The etchant composition according to the present invention is 7 to 20% by weight of the fluorine-containing compound; 10 to 50% by weight of at least one inorganic acid selected from sulfuric acid, hydrochloric acid and nitric acid; 0.1 to 10% by weight bulky ammonium salt represented by the following formula (1); 0.1 to 5 wt% surfactant; And an amount of water such that the total weight of the total composition is 100% by weight.
Formula 1
Wherein R 1 , R 2 and R 3 are the same as or different from each other, and are an alkyl group or a benzyl group having 1 to 14 carbon atoms,
A is an alkylene group or alkylene oxide group having 1 to 5 carbon atoms which is unsubstituted or substituted with a hydroxyl group,
X is -OH, -COOH, -COOR (where R is an alkyl group having 1 to 3 carbon atoms), -N + R 1 R 2 R 3 (wherein R 1 , R 2 and R 3 are the same as above) or It is a halogen atom.
Fluorine-containing compounds include, for example, HF, NaF, KF, KBF4, Tetramethylammonium fluoride (TMAF), Tetrabutylammonium fluoride (TBAF), NaBF 4 , and these alone or in combination of two or more. It is also possible to use. Preferably, the fluorine-containing compound is HF.
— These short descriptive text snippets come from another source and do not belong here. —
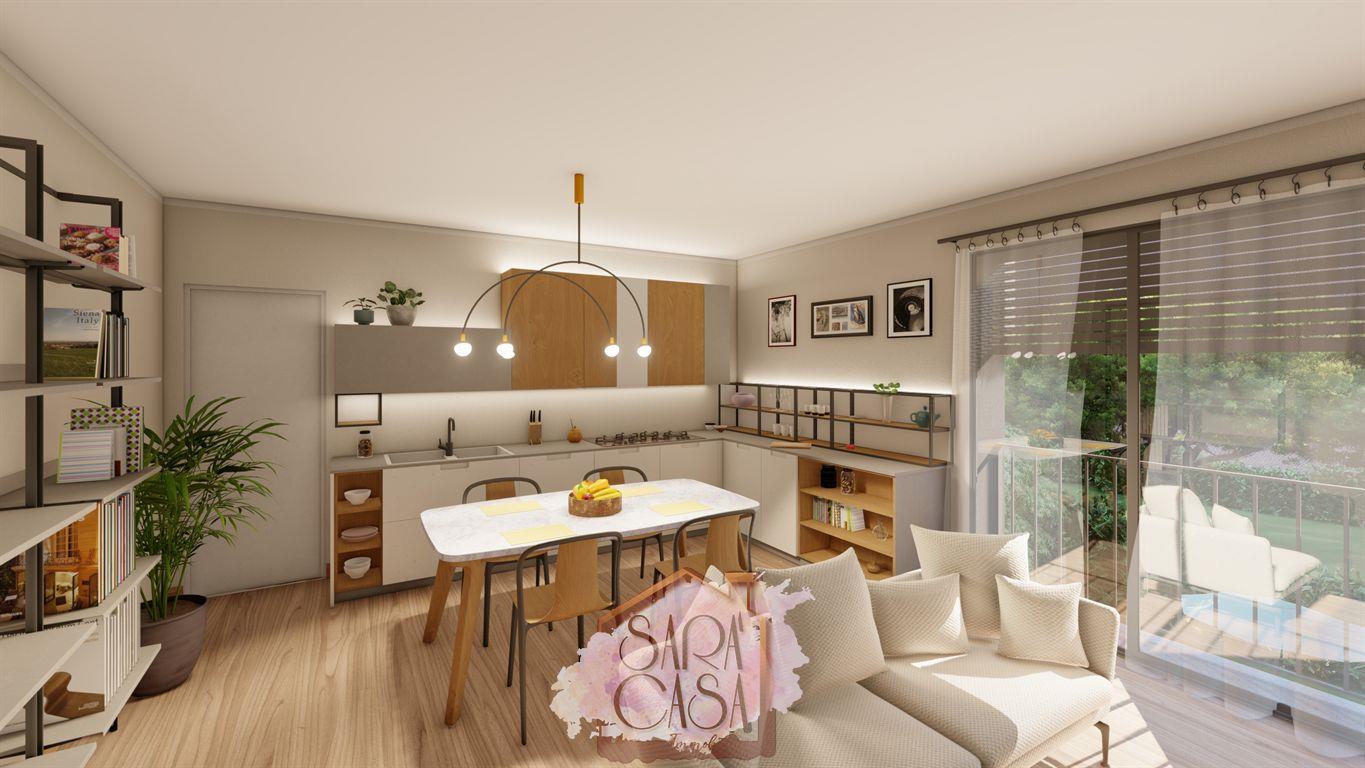 APPARTAMENTO CON GIARDINO, 2 CAMERE E 2 BAGNI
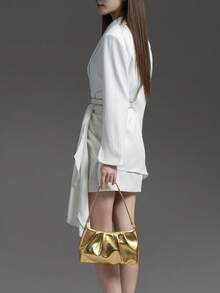 Dancing Engine Purses And Handbag Luxury Designer Shoulder Bags Pu Leather Evening Clutch Bag Purse Women's Bag - Gold - View 4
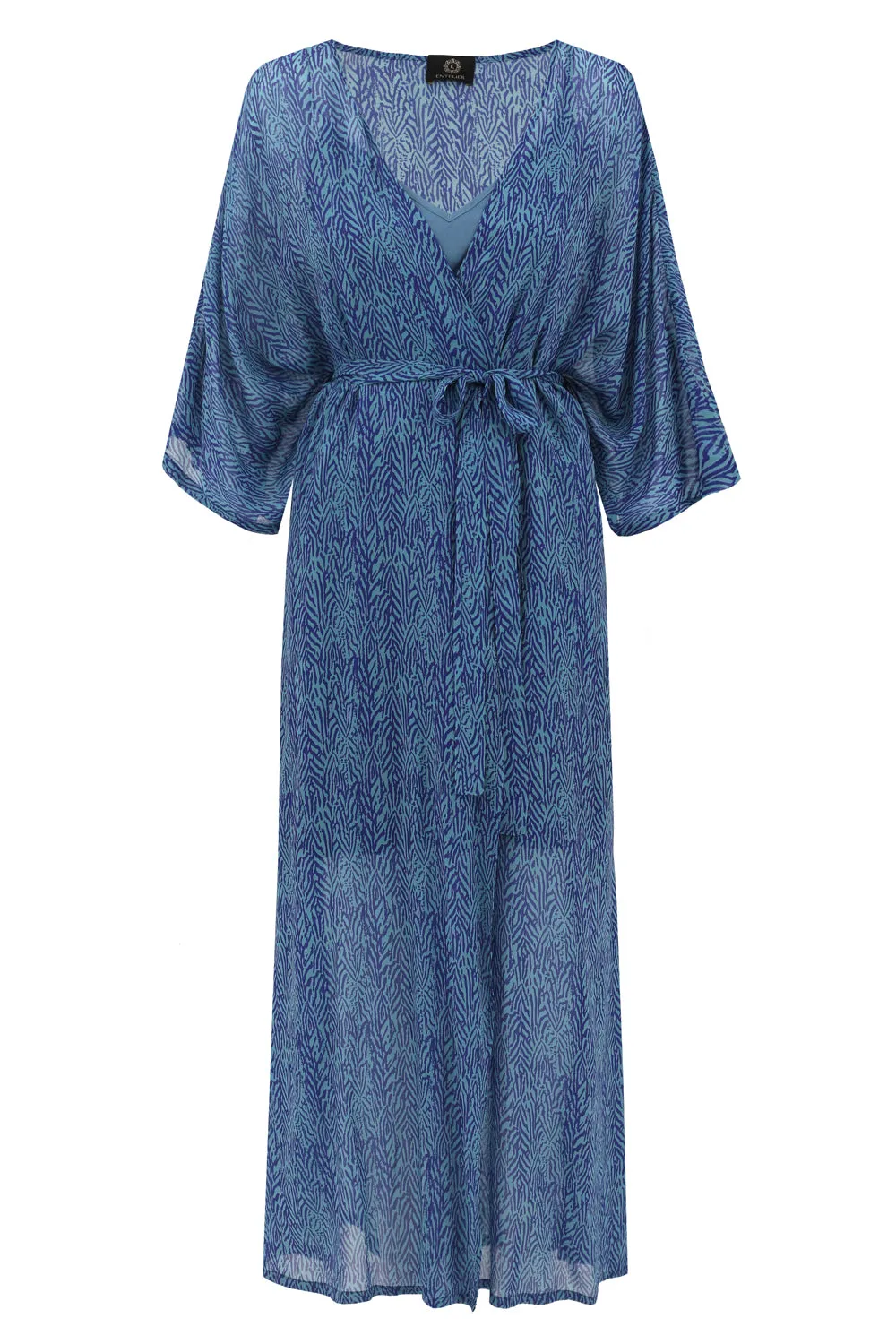 Pareo Dress Blue Print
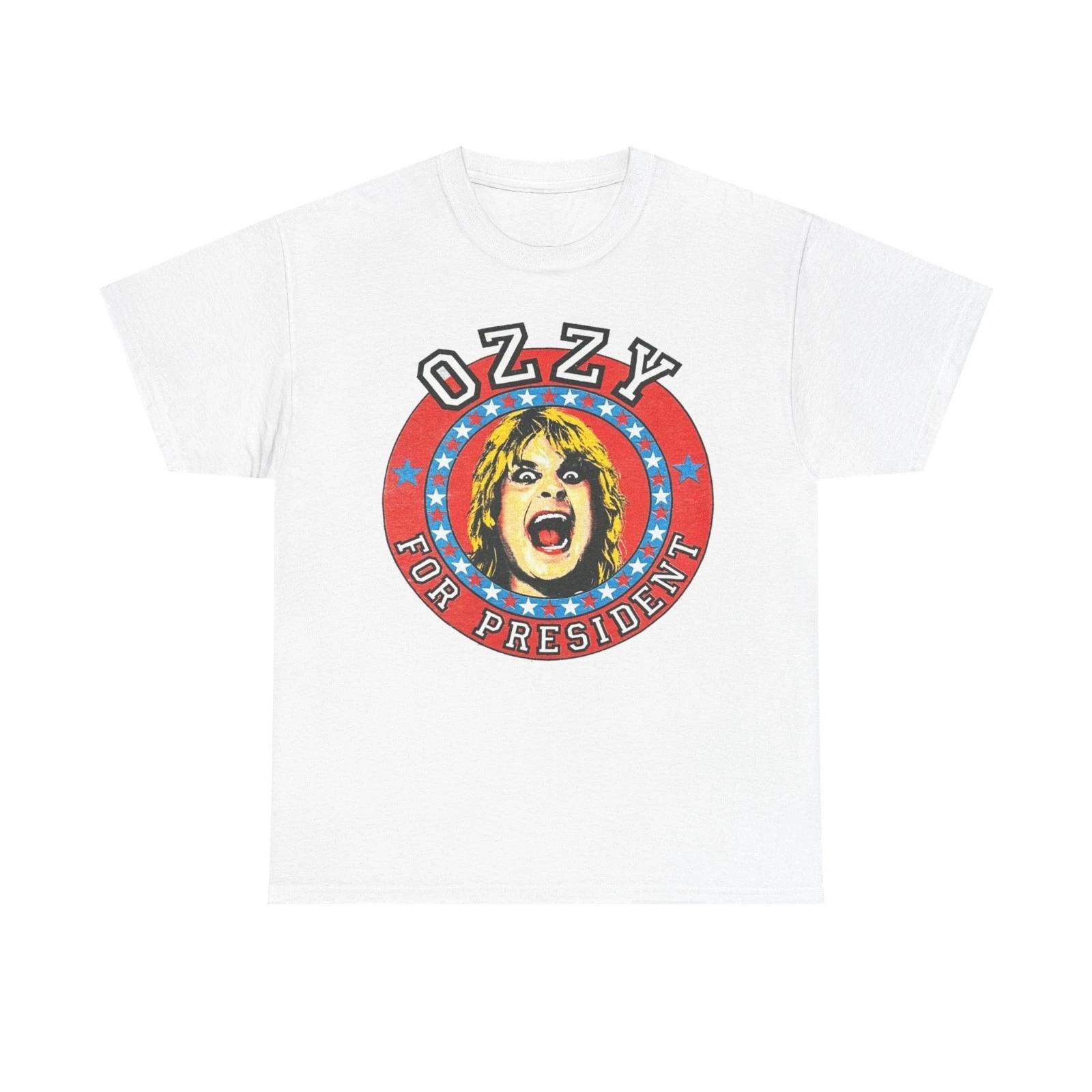 Ozzy For President . Vintage Style T-Shirt. Ozzy Osbourne. Black Sabbath. S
The fluorine-containing compound may be included in an amount of 7 to 20% by weight, preferably 10 to 18% by weight, based on the total weight of the etchant composition. If the content is less than 10% by weight of the total etching solution composition, the etching rate is too slow, if the content is more than 18% by weight, the etching rate is faster, but the surface of the glass substrate is not smooth and the durability of the etching solution is poor.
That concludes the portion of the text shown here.